The Terror Within
Last Friday I took my son to a local water park in the boonies. First, a lot of Michiganers are fat. I mean, almost bizarrely out of shape. You see this all year round, but it really shows in the summer, for obvious reasons.
It's one thing to see an adult let him or herself go, but it's incredibly sad and depressing to look at kids, mostly preteens, sporting huge guts, flabby arms, several chins. And the eating doesn't stop, evidenced by the long line at the park's concession stand where hot dogs, chips, soda and ice cream were doled out to the pale, plump mass.
I say this not to be mean or denigrating but to set the actual mood. At a time when our "liberation" of Afghanistan has done zilch for the starving and dying there, obese Americans, some of whom were wearing pro-war or pro-military t-shirts, cramming junk food into their mouths was a pretty sickening sight.
But the boy was having a ball. He focused solely on the many watery diversions, laughing and leaping with pure joy. So I tapped into his happy vibe. It served as a protective bubble of sorts as we flew down slides, rode large waves, got hit with numerous kinds of water sprays and showers. The bubble protected for only so long, however, as we kept having to deal with rude, obnoxious adults, some of whom encouraged their kids to cut in line and laughed as some of the more aggressive youth punched and put in headlocks smaller or thinner kids -- all in good clean fun, of course.

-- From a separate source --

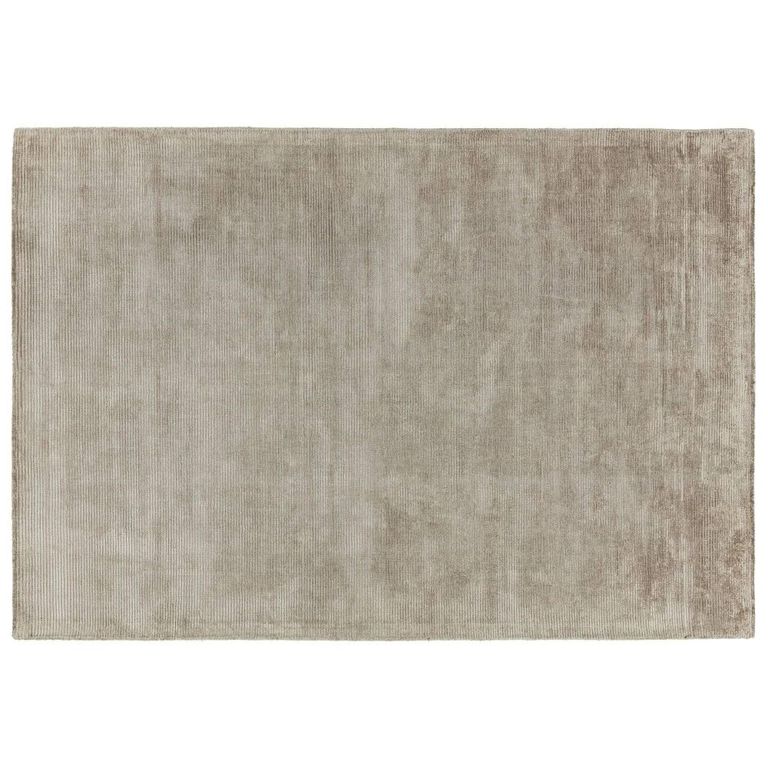Reko Smoke Grey Silver Rug - Sizes Available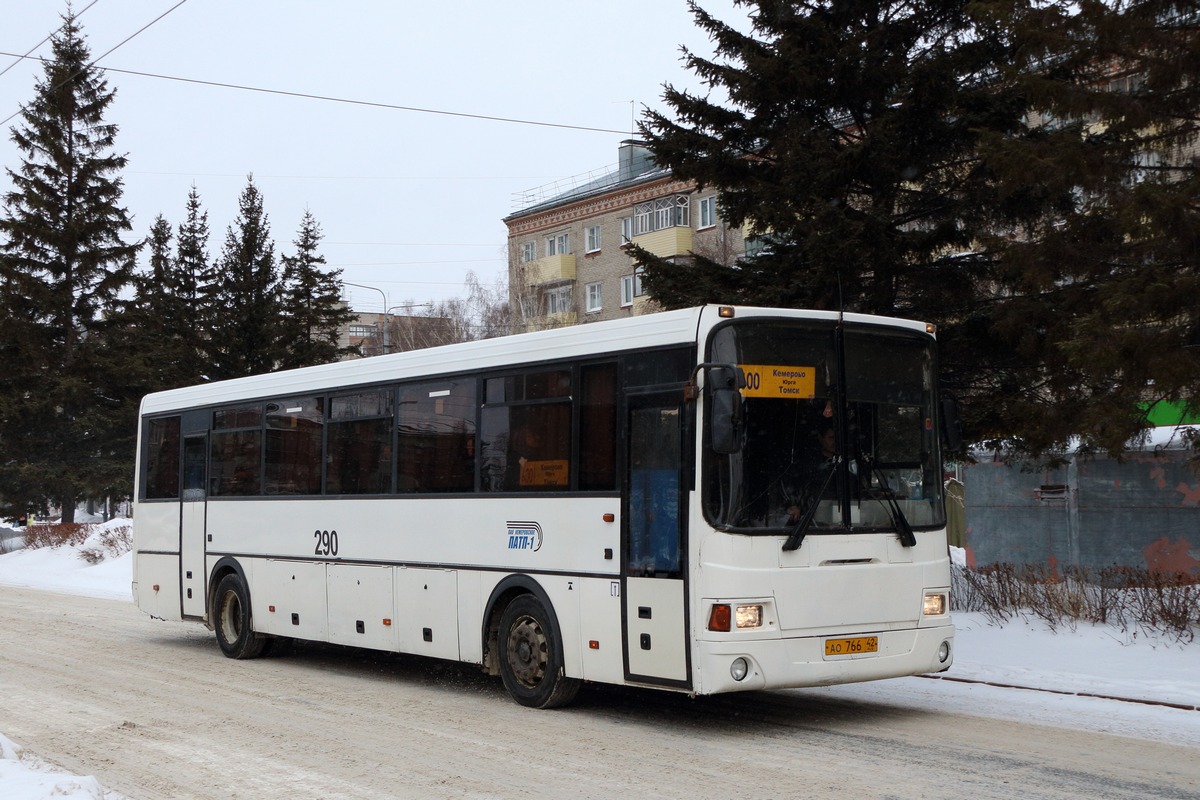 Кемеровская область - Кузбасс, ЛиАЗ-5256.34 (ГолАЗ) № 290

The boy and I were diving through a chlorinated waterfall running down a faux rock face when I surfaced and saw a Nazi tattoo on a big white arm. I couldn't believe it. Open militarism is one thing, part of Americana; but an actual swastika is a deeper statement.
The guy wearing it was large and muscular, looking like a bodyguard or bouncer, head shaved, goatee closely trimmed. The swastika was surrounded by two tiny American flags with an eagle atop. I simply froze and stared at it. The guy paid me no mind, but his wife glared back at me as she rushed their little blonde boy along to the water slides.
By this point, we'd been swimming, sliding and splashing for nearly three hours, so I told the boy we had to leave. Naturally, he groaned and pleaded for another round of inner-tube riding, but I insisted. He smiled, grabbed his towel and t-shirt and walked out by my side, his eager eyes still on those water slides.
We moved through the parking lot choked with SUVs, Hummers, and pick-ups, many boasting "Support Our Troops," "These Colors Never Run" and "USA Number 1" bumper stickers. I couldn't wait to get home, lock the door, and drain a stiff drink. But my son strolled along, oblivious to the raw nationalist sentiment on all those gas-guzzling symbols of our collective arrogance and greed, and thanked me for taking him to the park, saying "This is one of the best days ever. I had a blast, Dad!"
This filled me with happiness, love, and fear. Poor kid. Look at the world that awaits him.